Dans son portrait de la pauvreté paysanne, Nelson Pereira Dos Santos pourrait bien établir une passerelle avec l'autre moitié du continent américain, à travers les nombreux échos que l'on retrouve avec Les Raisins de la colère de John Steinbeck. À la fuite de la misère et de la famine s'ajoute ici celle de la sécheresse, que l'on saisit directement dans la marche éprouvante imposée à la famille en introduction. L'aridité et la poussière ne quitteront jamais l'écran, elles emplissent le regard pour former un réquisitoire corrosif sur un registre particulier, celui de la condition paysanne au Brésil. Le rythme sera uniforme du début à la fin, extrêmement lent, épousant la dimension éreintante et laborieuse de leurs pérégrinations.

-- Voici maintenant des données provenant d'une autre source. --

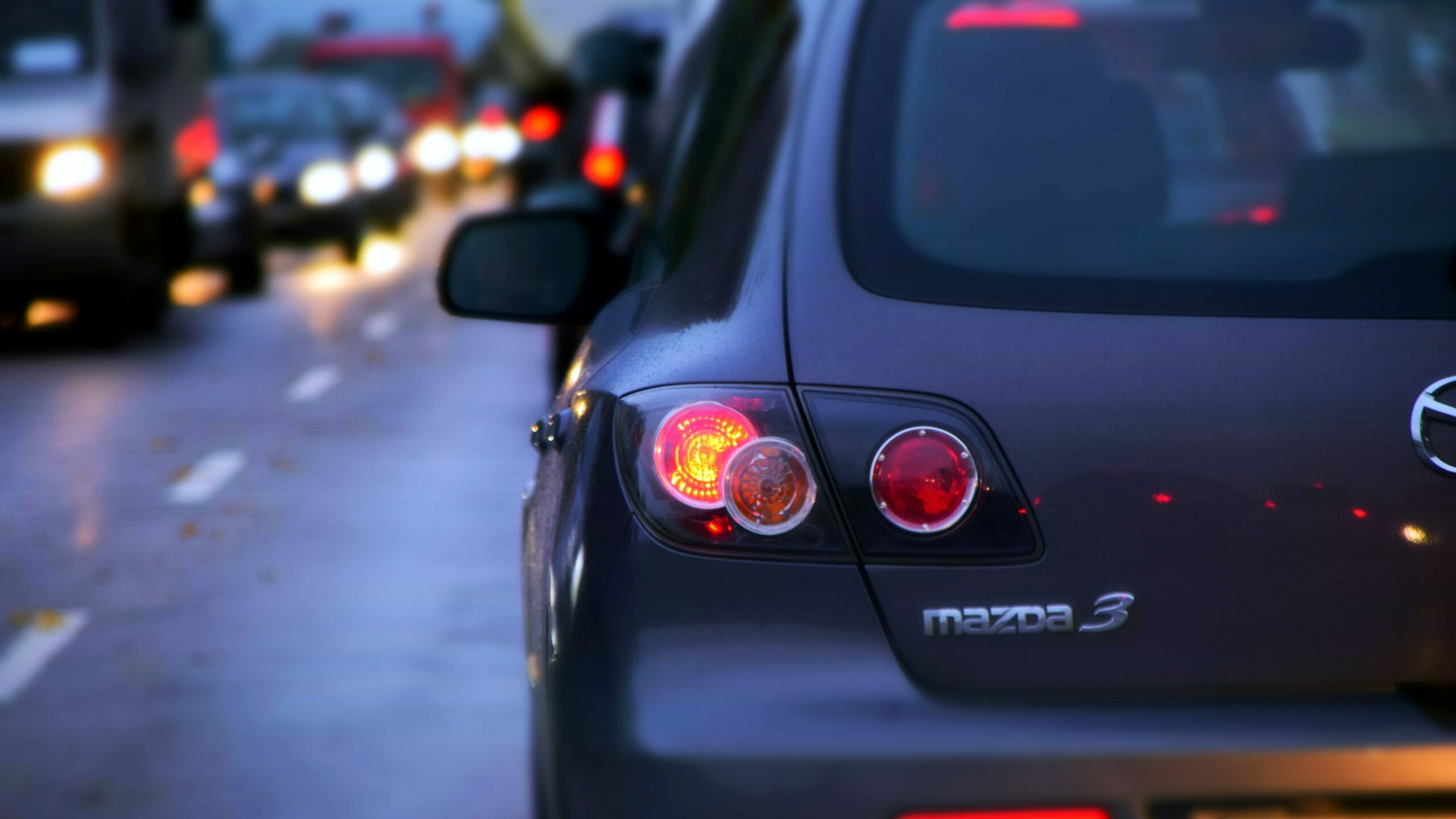 Россияне снова могут купить машины Mazda с заводской гарантией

Il n'y a pas vraiment d'éclaircies durables dans cette figure de proue du Cinema Novo — un mouvement cinématographique fondateur du cinéma brésilien des années 50 et 60, dont les influences se structurent à l'origine autour du néoréalisme italien et de la nouvelle vague française. Difficile de dire ce qui empêche une telle proposition cafardeuse de sombrer dans un misérabilisme frontal, si ce n'est l'innocence de l'enfance et son incompréhension presque comique, tenant de l'humour noir, lorsqu'un des fils ne saisit pas bien la différence entre la définition de l'enfer donnée par sa mère et la réalité qui l'entoure. Le réalisme adopté par la mise en scène n'explore toutefois pas des régions attenantes au documentaire, il s'engage plutôt dans une veine allégorique, avec une vision politique assez claire chez Nelson Pereira Dos Santos. Un montage parallèle entre le passage en prison du père (une histoire d'argent perdu au jeu et d'abus de pouvoir) et une fête folklorique dans les rues voisines confère en outre une dimension presque fantastique au film, avec une imagerie très étrange. La famille se retrouvera in fine enfermée dans le caractère cyclique de leur migration, le plan final qui les voit disparaître à l'horizon rappelant le plan initial, monté en sens inverse, laissant supposer de nouveaux sacrifices à venir.